We are a trio, my sons and I. A fabulous trio, I may add, who jet around to Costa Rica during Thanksgiving break, stay up late watching Once Upon A Time, and have fun trying new restaurants. Table for three Miss? But of course!
There are inside and practical jokes. There are adventurous road trips complete with Doritos, juice boxes, and The Beatles blaring on the radio. There are profound talks on our tan nubby couch, or on the front stoop watching a early summer thunderstorm turn the sky into a hypnotic display of angry clouds and electricity.
My sons are my life, my heart, and my dates for weddings. Together we have formed a cozy, albeit loud trio, scooping up joy like cotton candy flavored ice cream, and finding magic in the mundane.
It’s a good life.
It’s also a busy life. With hallways littered with grubby Vans sneakers, and a refrigerator masked by lunch menus, volleyball schedules, and Dotism inspired art projects, there is no time to think, “How am I really doing?”
And that’s when it gets you.
Loneliness is a funny thing. It creeps in unwantingly, like sunlight through the vertical blinds on a Monday morning.
Sometimes it’s late at night, after the last crumb has been wiped off the counter, the last crusty fork placed in the dishwasher, and the kids are asleep in their bunk beds; their heads sweaty, bodies sprawled, faces sweet. You think, “Soon they will be grown,” and feel it.
Or it could be in the grocery store, overhearing a couple argue over whether they should choose frosty mint or mineral green accents for their master bedroom, and you wonder if you will be sharing a bed with your tabby for the rest of your life.
You feel it while scrolling through Facebook. Images of fun nights out involving copious amounts of cocktails fill your newsfeed, #girlsnightout #bestfriendsforever, and think, “Holy Crap! I haven’t had a best friend since C&C Music Factory was on the radio.”
It’s not uncommon for single mothers to reach for their children for companionship, or mask that nagging feeling of loneliness by staying busy with the kids. But not acknowledging uncomfortable emotions is like trying to ignore your overflowing kitchen garbage can; eventually it will spill over, leaving you with an even bigger mess to clean up. This can lead to anxiety and depression, yet there are steps you can take to help get you through some of the low points in the journey of single parenthood.
1.) ACCEPTANCE- One of the most freeing words in the English language, acceptance is the first step towards not only getting control back, but finding your way back to happiness. Feeling Lonley? Don’t fight it, invite her in for some tea and acknowledge, that yes, it does stink to feel alone but it’s not the end of the world. If the kids are with Dad this weekend, and you find yourself yet alone again on a Saturday night, embrace it. Grab that stack of Allure magazines that you’ve been meaning to read, light a few candles and pamper yourself.
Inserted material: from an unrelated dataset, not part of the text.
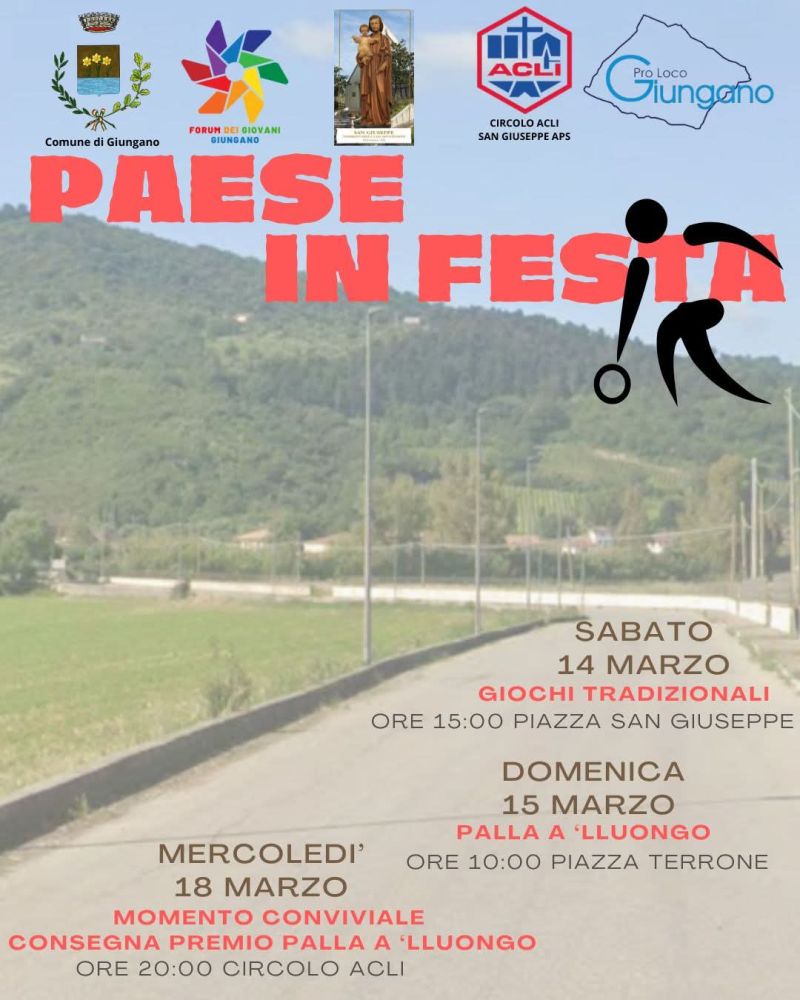 PAESE IN FESTA - GIUNGANO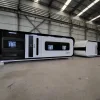 Nestron Cube Two X exterior inside warehouse facility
2.) LOSE THE STRANGER DANGER – I hate meeting new people, particularly because I’m self conscience and worry if people will like me. Guess what I’ve learned? Some people won’t like me…who gives a rat’s ass!? The key here, whether you are searching for a soul mate, or a BFF, is BE YOURSELF! Sound corny? Here’s why it’s not. In order to feel connected to other people, you need to be your authentic self, otherwise you may turn blue trying to stifle your inner self.
3.) JOIN CRAP- Yes, there is laundry to fold, floors to mop, and bills to pay, but you can’t find friends or a love interest if you’re holed up in the house all day knee deep in fitted sheets and Marvel underpants. Does the your town have a book club? An Art club? An over forty dance club with a DJ who only plays hits from the 80’s? If it does go! And invite me too!
It’s a good life, this single mom thing. But even the most fabulous mom can feel the ache of loneliness from time to time. Because no matter how clever, cute, and lovable our children are, finding an adult, whether it be a partner or a friend who “gets you” can only enrich your already rich life.